Goal of the exercise —
Could you copy exactly the lines from the one containing "对决剑之川哪些角色好用 对决剑之川角色推荐" through the last line of the records below, and nothing else?

Data records —
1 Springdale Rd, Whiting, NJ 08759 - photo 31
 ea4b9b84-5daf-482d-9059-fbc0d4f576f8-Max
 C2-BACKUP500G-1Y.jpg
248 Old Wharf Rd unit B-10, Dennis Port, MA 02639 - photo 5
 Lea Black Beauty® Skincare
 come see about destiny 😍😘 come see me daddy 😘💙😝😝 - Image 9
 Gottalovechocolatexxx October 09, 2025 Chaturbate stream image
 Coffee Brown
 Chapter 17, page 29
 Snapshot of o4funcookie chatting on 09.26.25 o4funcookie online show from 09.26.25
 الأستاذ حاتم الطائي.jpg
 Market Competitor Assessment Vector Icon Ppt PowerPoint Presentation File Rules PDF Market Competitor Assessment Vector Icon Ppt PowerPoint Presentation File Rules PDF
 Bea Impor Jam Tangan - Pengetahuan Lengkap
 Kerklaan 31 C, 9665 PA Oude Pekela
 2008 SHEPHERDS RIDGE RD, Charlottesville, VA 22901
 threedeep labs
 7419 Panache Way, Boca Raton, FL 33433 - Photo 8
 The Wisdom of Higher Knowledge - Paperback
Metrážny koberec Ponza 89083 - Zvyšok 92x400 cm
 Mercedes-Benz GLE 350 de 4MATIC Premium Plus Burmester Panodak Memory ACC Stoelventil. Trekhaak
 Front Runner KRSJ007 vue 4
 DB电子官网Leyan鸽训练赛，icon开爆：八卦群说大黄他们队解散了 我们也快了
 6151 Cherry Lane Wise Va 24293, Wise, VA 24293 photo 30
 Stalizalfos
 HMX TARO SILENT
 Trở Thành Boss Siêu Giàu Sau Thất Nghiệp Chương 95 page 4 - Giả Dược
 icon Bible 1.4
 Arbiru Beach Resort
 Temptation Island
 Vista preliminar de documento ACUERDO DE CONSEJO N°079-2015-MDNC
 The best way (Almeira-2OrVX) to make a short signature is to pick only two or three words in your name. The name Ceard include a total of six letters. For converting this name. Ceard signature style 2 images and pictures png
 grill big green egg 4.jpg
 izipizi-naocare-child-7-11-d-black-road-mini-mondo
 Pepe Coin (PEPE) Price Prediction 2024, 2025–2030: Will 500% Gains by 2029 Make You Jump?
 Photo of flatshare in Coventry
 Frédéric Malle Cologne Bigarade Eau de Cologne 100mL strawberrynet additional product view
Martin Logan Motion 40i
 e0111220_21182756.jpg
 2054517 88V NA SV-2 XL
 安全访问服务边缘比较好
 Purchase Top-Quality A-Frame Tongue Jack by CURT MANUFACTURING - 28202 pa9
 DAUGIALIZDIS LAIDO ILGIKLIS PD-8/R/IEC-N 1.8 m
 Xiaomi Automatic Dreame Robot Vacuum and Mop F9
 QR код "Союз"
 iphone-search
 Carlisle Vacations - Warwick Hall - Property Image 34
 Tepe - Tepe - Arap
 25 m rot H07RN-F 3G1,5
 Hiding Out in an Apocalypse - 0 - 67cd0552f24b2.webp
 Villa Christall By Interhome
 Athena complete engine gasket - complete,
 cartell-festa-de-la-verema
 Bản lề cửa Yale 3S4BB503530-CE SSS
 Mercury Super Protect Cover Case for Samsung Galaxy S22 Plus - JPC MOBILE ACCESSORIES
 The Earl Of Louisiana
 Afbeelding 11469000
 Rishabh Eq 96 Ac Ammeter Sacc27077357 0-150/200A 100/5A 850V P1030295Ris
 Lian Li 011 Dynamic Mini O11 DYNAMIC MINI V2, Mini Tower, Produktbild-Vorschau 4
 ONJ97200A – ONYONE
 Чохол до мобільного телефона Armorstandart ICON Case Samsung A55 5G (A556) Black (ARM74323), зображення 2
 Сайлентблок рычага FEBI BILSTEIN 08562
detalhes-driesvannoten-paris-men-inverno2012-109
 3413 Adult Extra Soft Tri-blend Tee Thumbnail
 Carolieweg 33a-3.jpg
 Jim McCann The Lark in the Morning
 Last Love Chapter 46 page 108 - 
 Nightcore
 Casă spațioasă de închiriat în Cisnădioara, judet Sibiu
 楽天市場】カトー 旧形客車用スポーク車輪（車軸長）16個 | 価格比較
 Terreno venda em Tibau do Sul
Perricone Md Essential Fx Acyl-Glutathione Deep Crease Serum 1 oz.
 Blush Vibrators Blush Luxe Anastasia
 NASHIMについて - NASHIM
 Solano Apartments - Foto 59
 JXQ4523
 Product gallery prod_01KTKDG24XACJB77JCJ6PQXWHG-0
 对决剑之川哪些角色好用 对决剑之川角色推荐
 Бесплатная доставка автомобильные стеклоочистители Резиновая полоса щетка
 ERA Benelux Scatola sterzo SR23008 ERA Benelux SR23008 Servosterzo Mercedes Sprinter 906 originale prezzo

Your solution —
 对决剑之川哪些角色好用 对决剑之川角色推荐
 Бесплатная доставка автомобильные стеклоочистители Резиновая полоса щетка
 ERA Benelux Scatola sterzo SR23008 ERA Benelux SR23008 Servosterzo Mercedes Sprinter 906 originale prezzo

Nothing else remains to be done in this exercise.